Absolutely! The amount of discretionary income that Vietnamese families are willing to spend on travel and tourism has not ceased to increase – on par with the economic development of Vietnam and consequent raise of the standard of living – and increasingly the Vietnamese are willing to allocate more and more of their travel budget to stay at more upscale hotels and resorts and have unforgettable experiences. Furthermore, people have been inside their homes for so long, with no opportunities to travel, that they have developed “travel hunger.” Domestic tourists have developed a hunger for travel, and this pandemic has also made them realize that they should pursue different experiences and perhaps spend a little more money during their holidays. This of course may translate into increased demand for luxury resorts and five-star hotels, as domestic tourists will be looking for higher levels of service, added luxury, and unforgettable experiences. We must not forget, however, that luxury and star ratings are not necessary synonyms with service quality. We can have just as much quality in a luxury five-star resort as we can in a homestay. It is all related to expectations, service delivery, and perceptions of value. If the tourism industry (at all levels and star ratings) delivers services and experiences that meet or surpass expectations, we have quality, which in turn translates into customer satisfaction and repeat business. If it doesn’t, we do not, and customers will not return. It’s that simple. The tourism industry should also be mindful of perceived value – if a tourist is planning to stay at a luxury resort which costs a lot more than staying at three-star hotel, for example, the tourist’s expectations will be higher, and the pressure on the resort to provide a great experience will also increase.
– When is the right time to open tourism to foreign tourists given Phu Quoc and Ba Ria – Vung Tau are being considered to reopen soon and FDI business associations are looking forward to a safe and sustainable reopening way?
The broader reopening of Vietnam to international tourists should be done in stages.
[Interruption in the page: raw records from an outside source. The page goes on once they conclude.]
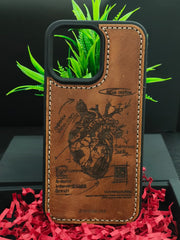 Premium Leather Case for iPhone 16 Plus Back Cover With Heart Engraving by Zinoskins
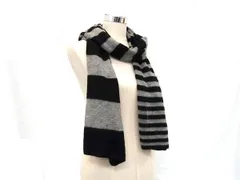 Paul Smith ポールスミス カシミヤ100％ ボーダー マフラー 防寒具 メンズ レディース ブラック系×グレー系 DL5346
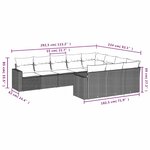vidaXL Salon de jardin avec coussins 10 Pièces gris clair résine tressée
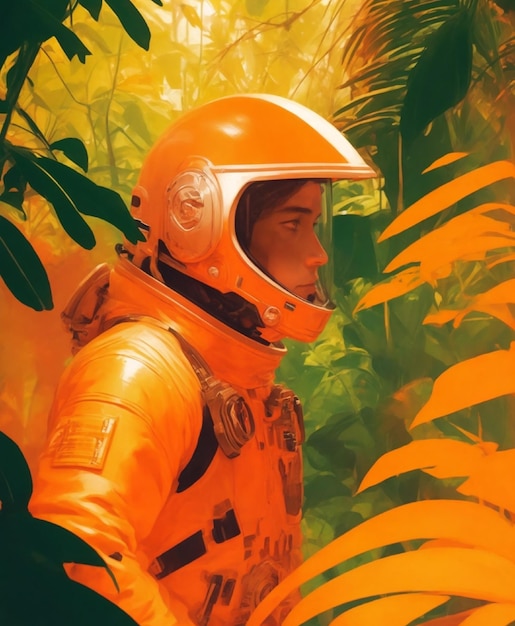 Astronauta masculino em uma selva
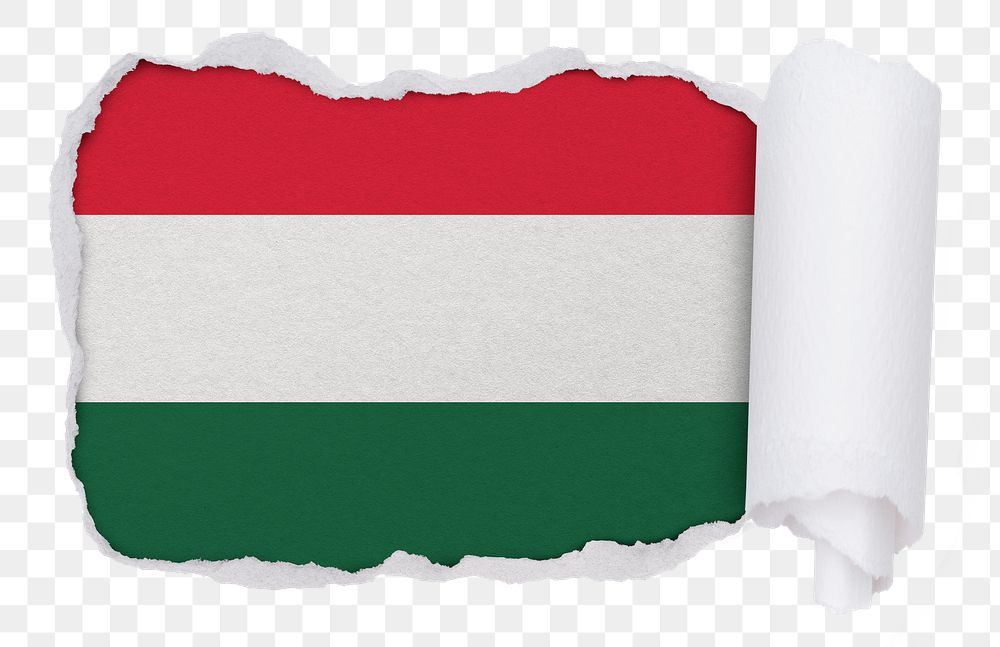 Flag of Hungary png sticker, torn paper design, transparent background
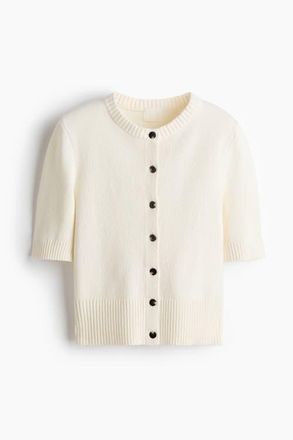 H&M Short-sleeved Cardigan in White at Nordstrom, Size Xx-Small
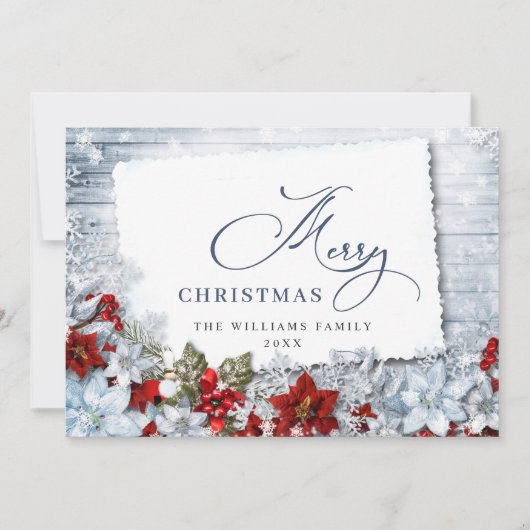 Frohe Weihnachten Red Poinsettia Rustic Wood (Vorderseite)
First, if the reopenings of Phu Quoc, Vung Tau, and other pilot destinations are successful, I think the second quarter of 2022 would be a good time to begin a careful reopening of Vietnam to international tourists from select countries, i.e., countries that have successfully controlled the epidemic, to specific provinces/destinations, such as Da Nang, Nha Trang, Hoi An, Sapa, and Ha Long. This should be done slowly and safely, and with carefully controlled numbers. In a second stage, assuming the first stage was successful and if we continue to enforce all the necessary health and safety measures, we can look at the last quarter of 2022 for a broader reopening to international tourism in other provinces and destinations in Vietnam.